It has been observed that a notable percentage of conditional branch instructions in application programs branch forward in sequence by only a few instructions. Consequently, when these programs execute on a conventional microprocessor, a significant number of clock cycles are wasted flushing and refilling the instruction buffer with virtually the same contents. When branch prediction logic declares that a conditional branch will be taken, it is very likely that the branch target instruction is already in the instruction buffer.
Therefore, what is needed is a microprocessor that executes a forward branch much faster than has heretofore been provided.
In addition, what is needed is an apparatus in a microprocessor that determines if a branch target instruction is already within its instruction buffer when a branch is declared.
Furthermore, what is needed is a microprocessor that shifts a branch target instruction to the front of the instruction buffer when a conditional branch is declared rather than flushing the buffer and fetching the branch target instruction again.
Moreover, what is needed is a method for executing a forward branch in a microprocessor that determines if a branch target instruction is present in an instruction buffer and, if so, shifts it to the front of the buffer.
SUMMARY
To address the above-detailed deficiencies, it is an object of the present invention to provide a microprocessor that executes a forward branch without incurring undue delays associated with flushing and refetching a target instruction for the branch from the microprocessor's instruction buffer.

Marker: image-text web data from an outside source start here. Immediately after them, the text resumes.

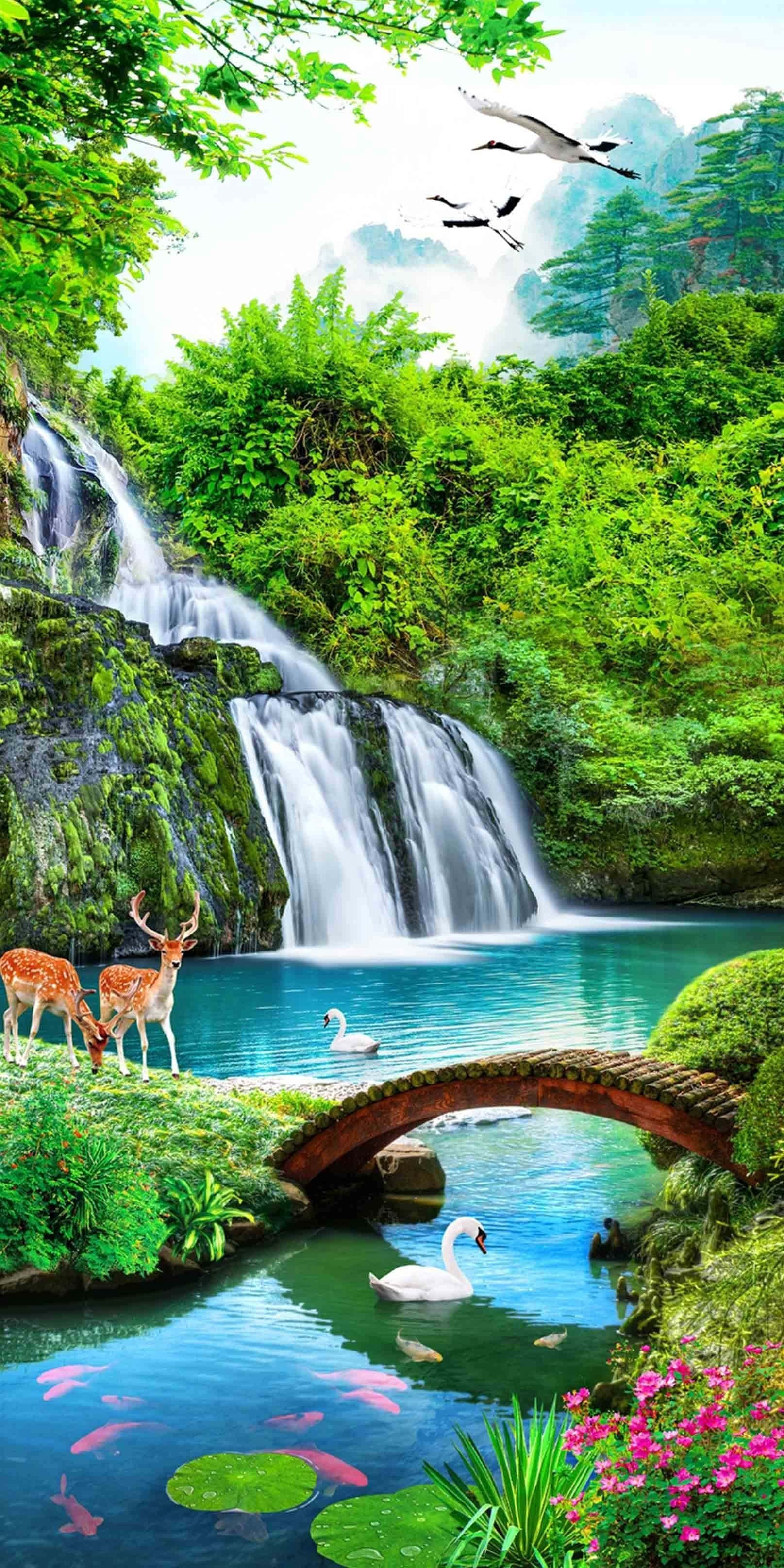 3d Waterfall 桌布 壁紙 — 一道充滿活力的瀑布穿過茂密的綠色森林傾瀉而下，鹿在石橋附近吃草，天鵝和錦鯉在橋下游動。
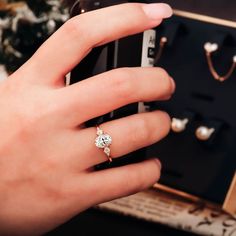 a woman's hand holding a cell phone with an engagement ring on it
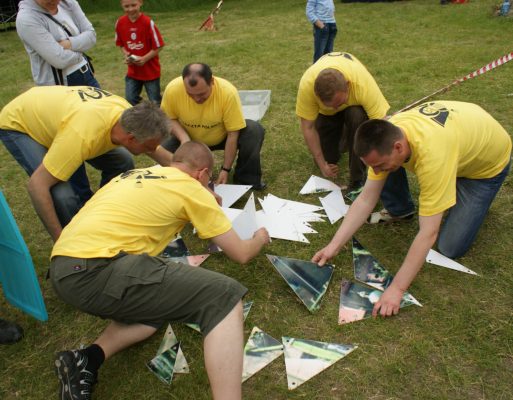 Mężczyźni składają kawałki fotografii na evencie integracyjnym w plenerze.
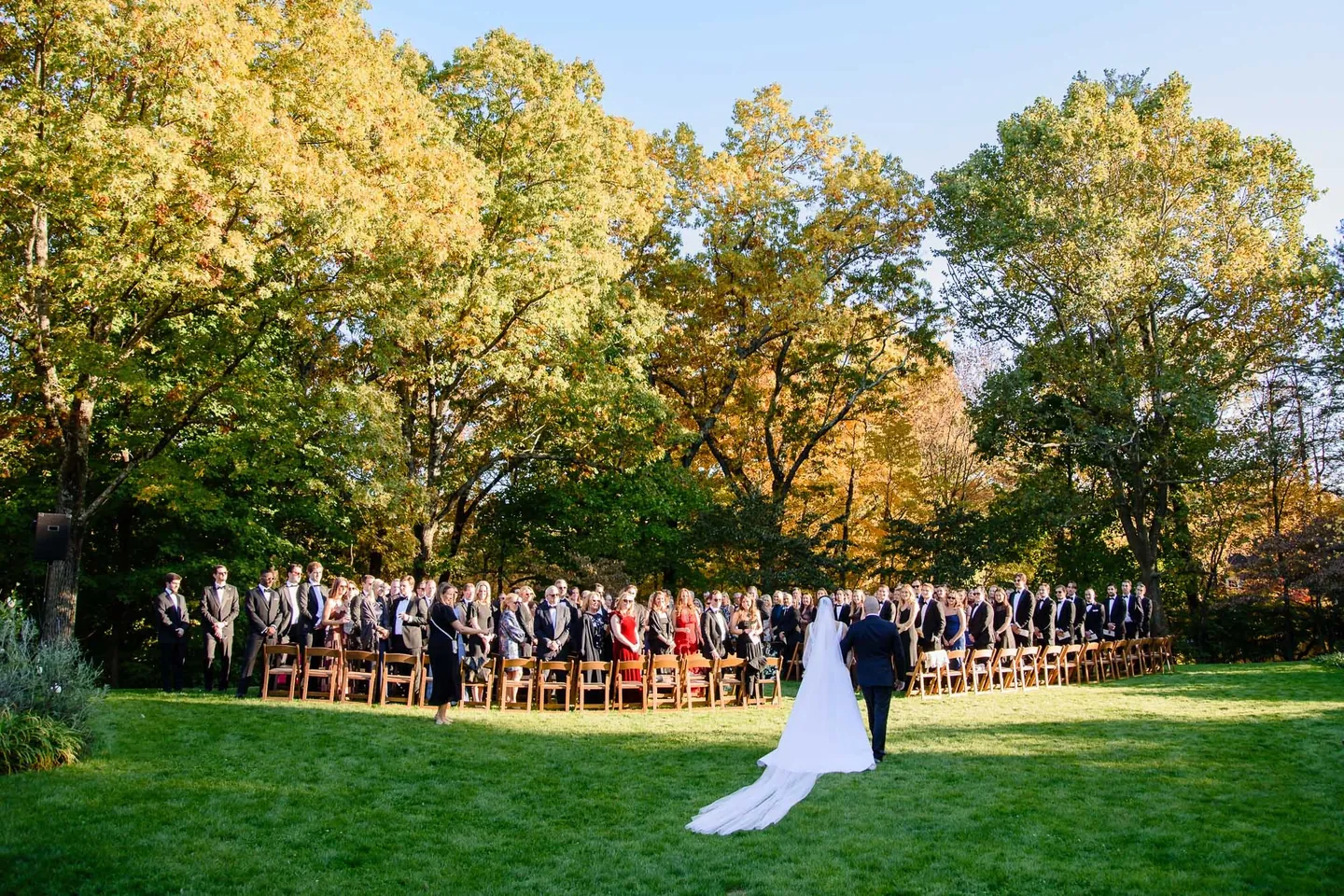 The bride and her father walk toward rows of standing guests under yellowing trees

Accordingly, in the attainment of the aforementioned object, it is a feature of the present invention to provide a microprocessor for executing a forward branch. The microprocessor includes translation logic and instruction fetch logic. The translation logic receives a branch instruction from a front position of an instruction buffer, and directs the microprocessor to provide a branch target instruction in said front position. The instruction fetch logic is coupled to the translation logic and provides the branch target instruction in the front position. If the branch target instruction is already within the instruction buffer, then the instruction fetch logic shifts the branch target instruction directly to the front position.
Another object of the present invention is to provide an apparatus in a microprocessor that determines if a branch target instruction is already within its instruction buffer when a branch is declared.
In another aspect, it is a feature of the present invention to provide an apparatus in a microprocessor for providing a branch target instruction for translation. The apparatus has an instruction decoder, branch prediction logic, and instruction fetch logic. The instruction decoder receives a branch instruction from a front position in an instruction buffer and translates the branch instruction into associated micro instructions for execution by the microprocessor. The branch prediction logic is coupled to the instruction decoder and predicts that execution of the associated micro instructions will result in a branch to a branch target instruction. The branch prediction logic also directs the microprocessor to provide the branch target instruction in the front position. The instruction fetch logic is coupled to the branch prediction logic and determines if the branch target instruction is already within the instruction buffer. If the branch target instruction is already within the instruction buffer, the instruction fetch logic shifts the branch target instruction directly to the front position.
Another advantage of the present invention is that clock cycles are not wasted performing unnecessary flushes of the microprocessor's instruction buffer.
A further object of the invention is to provide a microprocessor that shifts a branch t
Henry G. Glenn
Parks Terry
Chan Eddie
Huffman James W.
Huffman Richard K.
IP-First L.L.C.
Nguyen Dzung C.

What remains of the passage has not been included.